I usually wake up, make coffee, and then go straight to work in the office in my house. My office used to face the roof of an auto repair shop and a sign that reads "Not a Through Way." Now my office overlooks a lake, which while objectively better, occasionally makes me nostalgic for the auto repair shop. When there are a lot of books needed for immediate reference, I'll take over the dining table, because my desk is very small. Sometimes I will resort to a cafe, because the presence of other people who aren't talking to me, but who are there and who might judge me for procrastinating, can be incredibly useful. Plus, food. When I work at home I'll usually go a couple of hours before discovering that I'm out of coffee, haven't showered, and haven't eaten.
What are you working on now?My next novel, an updating of The Crucible set in a contemporary Massachusetts prep school, is called CONVERSION, and will be out from Penguin next summer. Right now I'm working on a ghost novel, set around the Marble Cemetery in New York City. There's a play that I'm planning to finish before too long. And I might even finish my dissertation this summer. You never know.
Have you ever suffered from writer’s block?

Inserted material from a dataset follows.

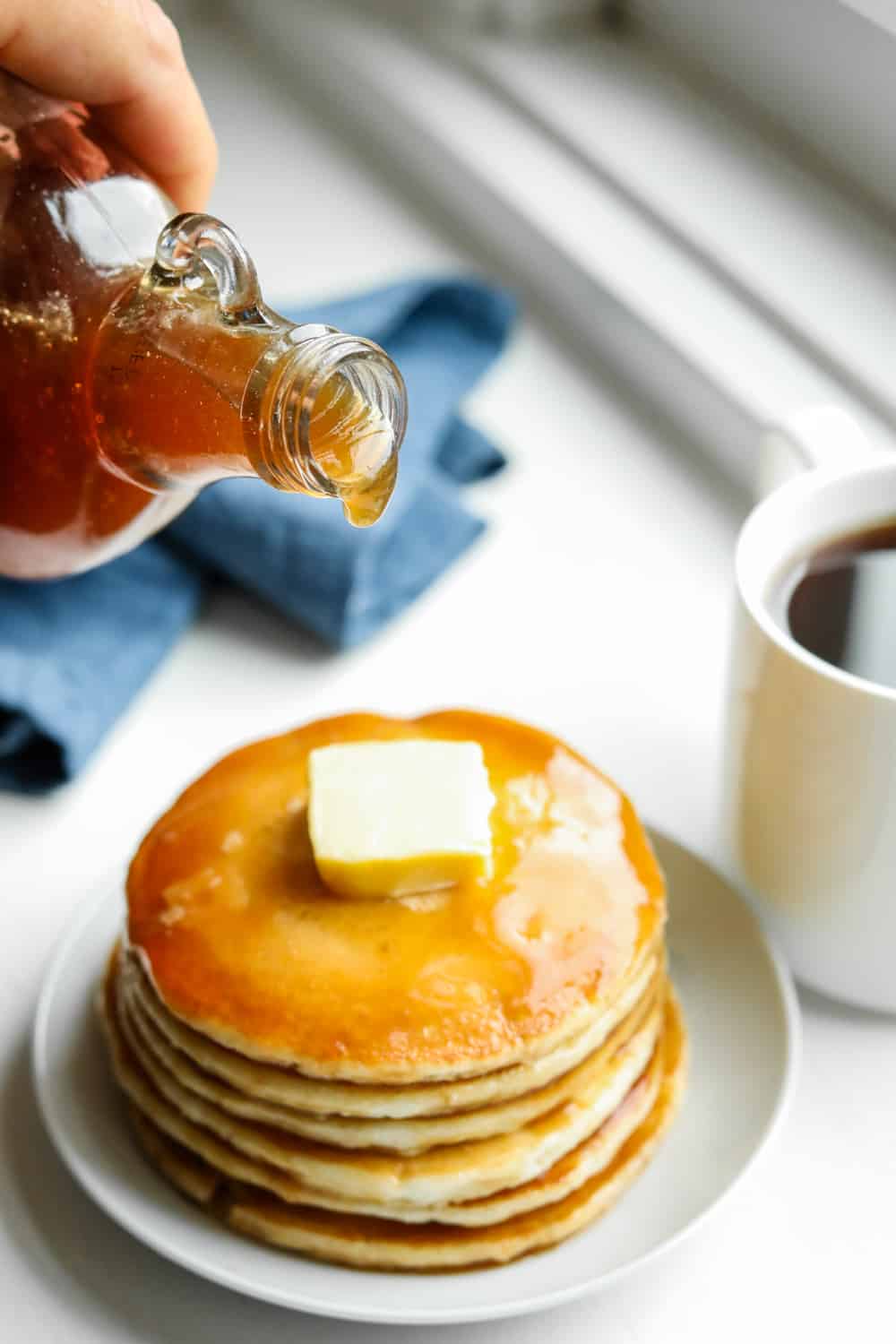 Maple syrup just about to be poured on a stack of pancakes.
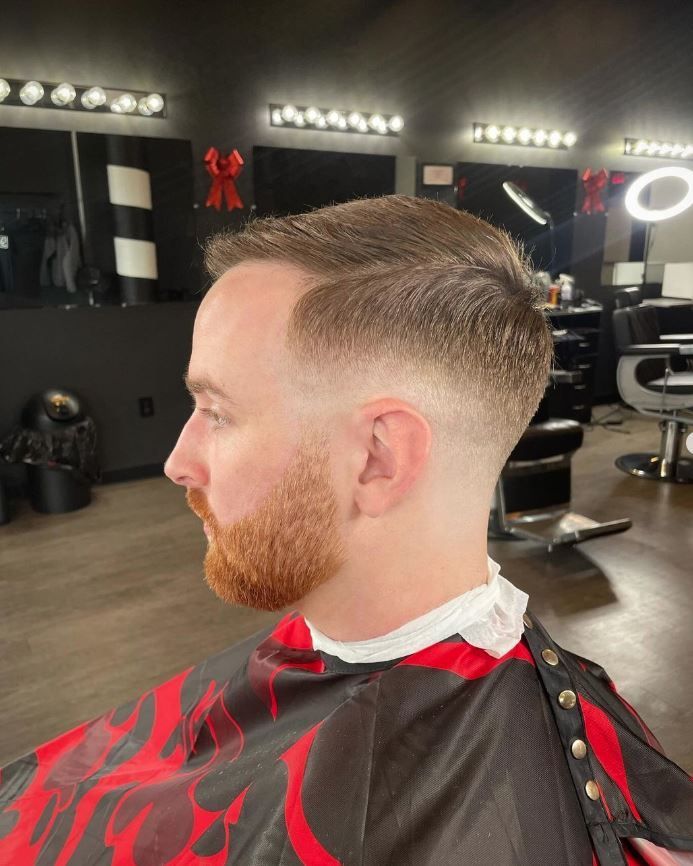 A man with a beard is getting his hair cut at a barber shop.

No, fortunately. But I'm a relentless procrastinator. I've written three novels all out of an attempt to put off working on my dissertation. Once my dissertation is done, what will I write novels while putting off? I'm a little worried about it. But I generally am working on at least two projects at once, so perhaps I can trick myself into writing novels while procrastinating on something different.
In truth, the best trick I have ever learned about writer's block came out of that fourth grade English class. I was taught "If you don't know what to write about, write about the fact that you don't know what to write about." I use that trick all the time. All. The. Time.
What’s your advice to new writers?
Writers write. If you're not writing, you're not a writer. No, really, I mean it. I know you have to pick up the kids and it's fun to go sailing and your friends want to have you over for dinner, but you have to write. The time must be found. It will help if you can surround yourself with people who understand this.
Write every day, even if it's not in the service of a greater project, and even if no one will ever read it.
Being published is different from being a writer. It will be easier to face the publishing gauntlet if you know that you'll write anyway, whether you are published or not.
Revise. Revise a lot.
That being said, a finished project is better than a perfect project, because there are no perfect projects. Be a finishist, not a perfectionist. (cf. Grad school. I'm an expert, obviously, at taking my own advice.)
You are different from your writing. Criticism and rejection of your writing can feel terribly personal, but they aren't, really. And sometimes they help.
Katherine Howe is the New York Times bestselling author of The Physick Book of Deliverance Dane and The House of Velvet and Glass. She hosted "Salem: Unmasking the Devil" on the National Geographic Channel in 2012, and she will be discussing witches and writing in a MOOC on historical fiction coming from the University of Virginia in the fall. Her fiction has been published in more than twenty languages. Her third novel, Conversion, will be published by Penguin in summer 2014. She lives in New England and upstate New York with her family, where she teaches in the American studies program at Cornell University, and where she is at work on her fourth novel.